Wave theory of light was followed while explanation of photoelectric effect. There were many failures of wave theory of light. According to wave theory when light incident on a surface, energy is distributed continuously over the surface. So that electron must take a time interval to accumulate suffiicient energy to come out. But in experiment there is no time lag. When intensity is increased, more energetic electrons should be emitted. So that stopping potential should be intensity dependent. But it is not observed. According to wave theory, if intensity is suffiicient then, at each frequency, electron emission is possible. It means there should not be existence of threshold frequency.

(A) The stopping potential necessary to reduce the photoelectric current of zero:

(i) is directly proportional to wavelength of incident light.

(ii) uniformly increases with the wavelength of incident light.

(iii) directly proportional to frequency of incident light.

(iv) uniformly increases with the frequency of incident light.

(B) The photoelectric threshold frequency of a material is u. When light of frequency 4 u is incident on the metal, the maximum kinetic energy of the emitted photoelectron is:

(i) \(\frac{5}{2}\)hu

(ii) 3 hu

(iii) 4 hu

(iv) 5 hu

(C) When photons of energy hv fall on an aluminium plate (of work function E_{o}), photoelectrons of maximum kinetic energy K are ejected. If the frequency of radiation is doubled, the maximum kinetic energy of the ejected photoelectrons will be:

(i) K + hv

(ii) K + E_{0}

(iii) 2K

(iv) K

(D) To understand photoelectric effect a graph is plotted between two factors, which is a straight line. The factors are:

(i) Intensity of radiation and photoelectric current

(ii) Potential of anode and photoelectric current

(iii) Threshold frequency and velocity of photoelectrons

(iv) Intensity of radiation and stopping potential.

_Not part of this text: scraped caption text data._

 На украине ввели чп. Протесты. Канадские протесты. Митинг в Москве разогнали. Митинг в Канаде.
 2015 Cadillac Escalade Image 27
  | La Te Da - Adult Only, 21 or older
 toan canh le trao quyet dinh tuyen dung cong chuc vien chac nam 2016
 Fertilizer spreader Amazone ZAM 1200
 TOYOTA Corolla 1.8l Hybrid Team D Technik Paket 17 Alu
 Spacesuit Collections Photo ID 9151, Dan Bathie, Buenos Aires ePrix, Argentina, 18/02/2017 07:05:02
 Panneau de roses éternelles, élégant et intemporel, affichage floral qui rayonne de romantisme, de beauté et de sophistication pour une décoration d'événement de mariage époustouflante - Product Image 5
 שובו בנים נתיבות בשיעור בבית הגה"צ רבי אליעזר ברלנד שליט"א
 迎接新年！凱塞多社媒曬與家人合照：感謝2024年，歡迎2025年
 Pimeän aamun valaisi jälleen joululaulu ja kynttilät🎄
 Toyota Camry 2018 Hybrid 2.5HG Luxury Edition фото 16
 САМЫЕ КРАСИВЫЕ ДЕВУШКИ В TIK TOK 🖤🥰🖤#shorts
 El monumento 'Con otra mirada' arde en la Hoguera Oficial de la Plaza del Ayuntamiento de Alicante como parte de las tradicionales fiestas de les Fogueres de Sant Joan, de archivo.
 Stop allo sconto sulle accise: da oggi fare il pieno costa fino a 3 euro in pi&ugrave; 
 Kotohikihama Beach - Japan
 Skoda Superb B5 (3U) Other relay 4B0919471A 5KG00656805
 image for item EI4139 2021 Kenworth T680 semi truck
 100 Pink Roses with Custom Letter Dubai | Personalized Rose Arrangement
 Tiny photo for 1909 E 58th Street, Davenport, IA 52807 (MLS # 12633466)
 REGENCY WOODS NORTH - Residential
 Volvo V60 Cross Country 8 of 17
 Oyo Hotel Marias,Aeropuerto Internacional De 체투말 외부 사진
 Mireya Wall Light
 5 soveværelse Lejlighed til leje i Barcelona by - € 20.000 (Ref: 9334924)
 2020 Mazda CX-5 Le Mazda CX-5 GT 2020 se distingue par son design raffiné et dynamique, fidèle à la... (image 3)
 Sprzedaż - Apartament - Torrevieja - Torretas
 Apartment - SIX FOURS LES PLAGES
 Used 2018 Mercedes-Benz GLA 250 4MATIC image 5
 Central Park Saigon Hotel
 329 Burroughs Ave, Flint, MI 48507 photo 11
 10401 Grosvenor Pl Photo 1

(E) Light of wavelength 5000 Å falls on a sensitive plate with photoelectric work function 1.9 eV. The maximum kinetic energy of the photoelectrons emitted will be:

(i) 0.58 eV

(ii) 2.48 eV

(iii) 1.24 eV

(iv) 1.16 eV (5)

Answer:

(A) (d) uniformly increases with the frequency of incident light

Explanation: The negative potential at which photoelectric current becomes zero is called stopping potential.

By _{e}V_{s} = hv – Φ

Stopping potential required to reduce the photoelectric current to zero “decreases uniformly with the frequency of the incident radiation”.

(B) (b) 3hu

Explanation: The maximum kinetic energy of the emitted electrons is given by K_{max} = hu-Φ_{0}

= h(4u) – h(u) = 3hu

Related Theory

Maximum kinetic energy of the emitted electron = hv – Φ_{0}

(C) (a) K + hv

Explanation: Let K and K’ be the maximum kinetic energy of photoelectrons for incident light of frequency v and 2v respectively. According to Einstein’s photoelectric equation,

K = hv – E_{0} ………….. (i)

and K’ = h(2v) – E_{0}0 ………….. (ii)

= 2hv – E_{0} = hv + hv – E_{0}

K’ = hv + K [using (i)]

Related Theory

The kinetic energy of the emitted electrons is given by K= hv – Φ_{0}

(D) (a) Intensity of radiation and photoelectric current

Explanation: Intensity of radiation linearly changes the photoelectriccurrent. Photoelectric current ∝ intensity of radiation.

Caution

Students are often confused about the relation between photoelectric current and intensity of radiation. They are directly proportional to each other.

(E) (a) 0.58 eV

Explanation: hv = \(\frac{h c}{\lambda}\)

= \(\frac{1240}{500}\)

= 2.48 eV

\(\frac{1}{2}\) mv_{max}^{2} = hv – Φ0 = 2.48 – 1.90

= 0.58 eV

Related Theory

Work function is as the minimum amount of energy which is required to remove an electron to infinity from its source. It was defined in the concept of photoelectric effect in which a light is incident upon the metal and the electrons are ejected from the metal.